### Task details:
Skip pictures in the listing below; copy exactly the lines from the one with "STORYJEWELLERY Christian Gifts" through the one with "A thrilling snowmobile", inclusive.

### Available records:

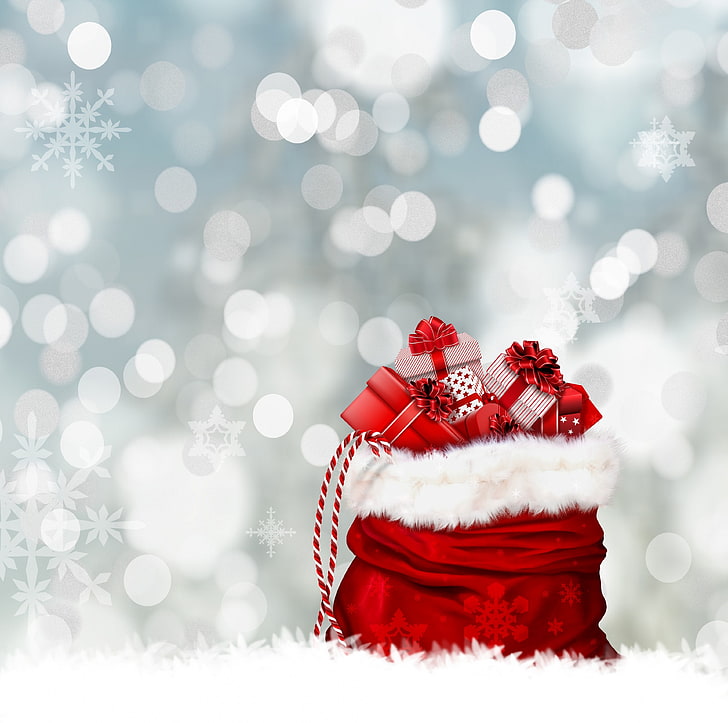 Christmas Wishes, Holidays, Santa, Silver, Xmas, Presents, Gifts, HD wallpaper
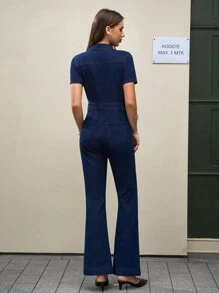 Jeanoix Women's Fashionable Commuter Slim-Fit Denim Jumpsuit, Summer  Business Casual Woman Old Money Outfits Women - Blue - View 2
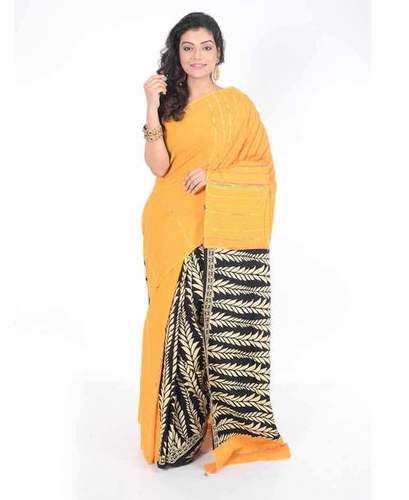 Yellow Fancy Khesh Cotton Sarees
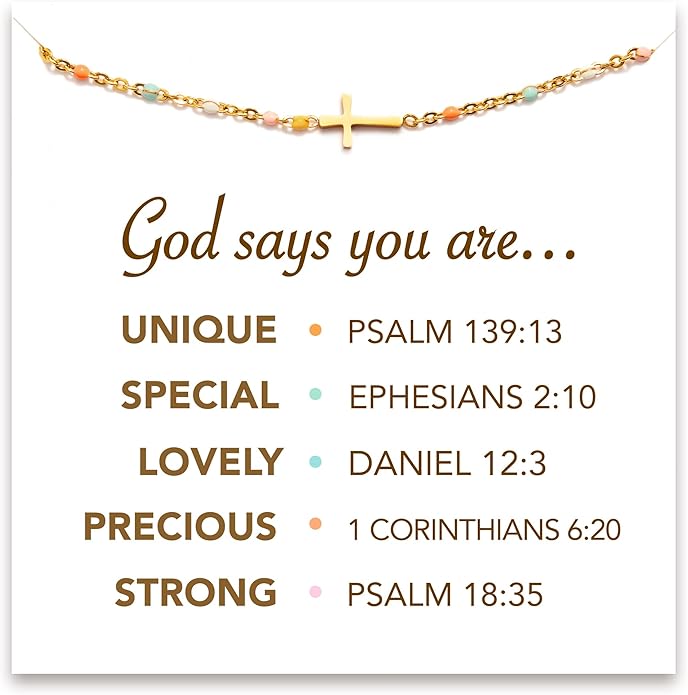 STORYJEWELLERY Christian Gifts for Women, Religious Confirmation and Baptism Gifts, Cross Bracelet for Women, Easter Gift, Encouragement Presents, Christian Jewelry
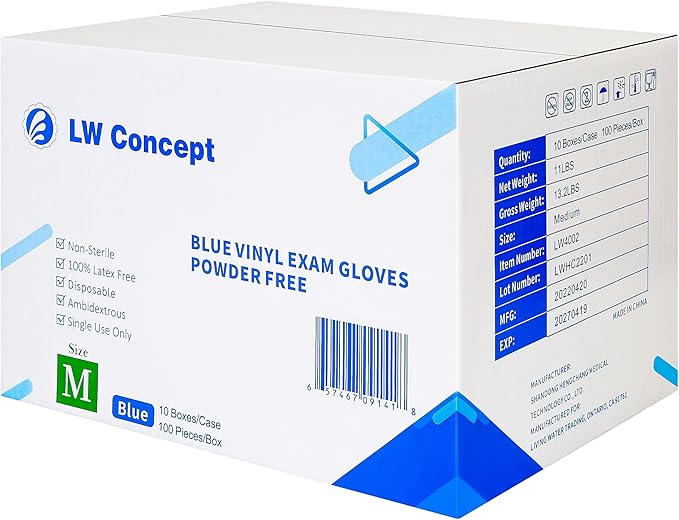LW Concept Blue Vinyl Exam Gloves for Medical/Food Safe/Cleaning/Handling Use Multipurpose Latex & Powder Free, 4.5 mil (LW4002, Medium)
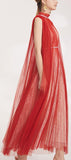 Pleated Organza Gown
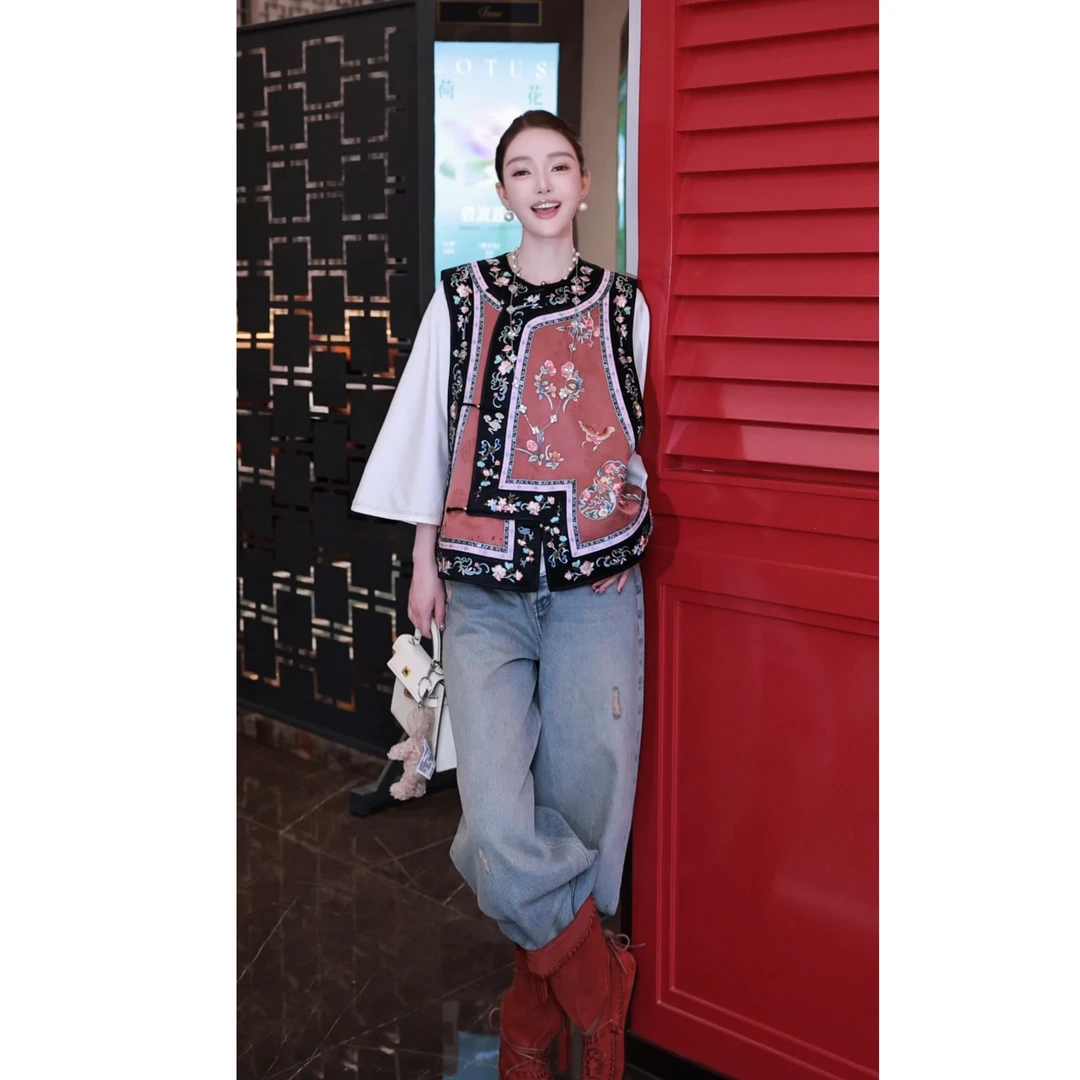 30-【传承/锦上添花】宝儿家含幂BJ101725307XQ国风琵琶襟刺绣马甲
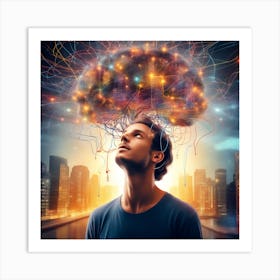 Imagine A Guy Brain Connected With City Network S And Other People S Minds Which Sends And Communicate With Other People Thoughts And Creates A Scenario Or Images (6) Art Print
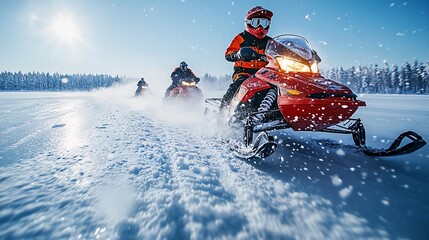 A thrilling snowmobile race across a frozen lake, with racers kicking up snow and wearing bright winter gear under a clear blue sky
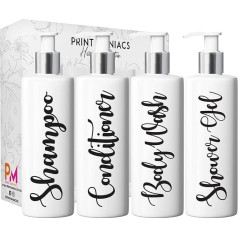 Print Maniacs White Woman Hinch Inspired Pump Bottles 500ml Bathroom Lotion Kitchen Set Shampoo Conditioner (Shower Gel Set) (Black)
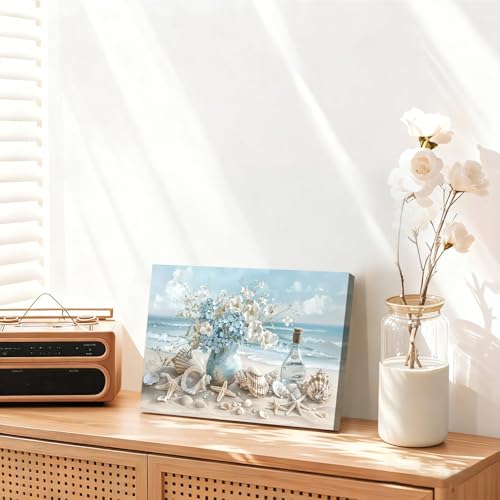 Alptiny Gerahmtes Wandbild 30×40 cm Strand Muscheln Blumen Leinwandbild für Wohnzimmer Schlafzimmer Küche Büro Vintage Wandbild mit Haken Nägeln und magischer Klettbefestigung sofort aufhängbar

### Completed exercise:
 STORYJEWELLERY Christian Gifts for Women, Religious Confirmation and Baptism Gifts, Cross Bracelet for Women, Easter Gift, Encouragement Presents, Christian Jewelry
LW Concept Blue Vinyl Exam Gloves for Medical/Food Safe/Cleaning/Handling Use Multipurpose Latex & Powder Free, 4.5 mil (LW4002, Medium)
 Pleated Organza Gown
 30-【传承/锦上添花】宝儿家含幂BJ101725307XQ国风琵琶襟刺绣马甲
 Imagine A Guy Brain Connected With City Network S And Other People S Minds Which Sends And Communicate With Other People Thoughts And Creates A Scenario Or Images (6) Art Print
 A thrilling snowmobile race across a frozen lake, with racers kicking up snow and wearing bright winter gear under a clear blue sky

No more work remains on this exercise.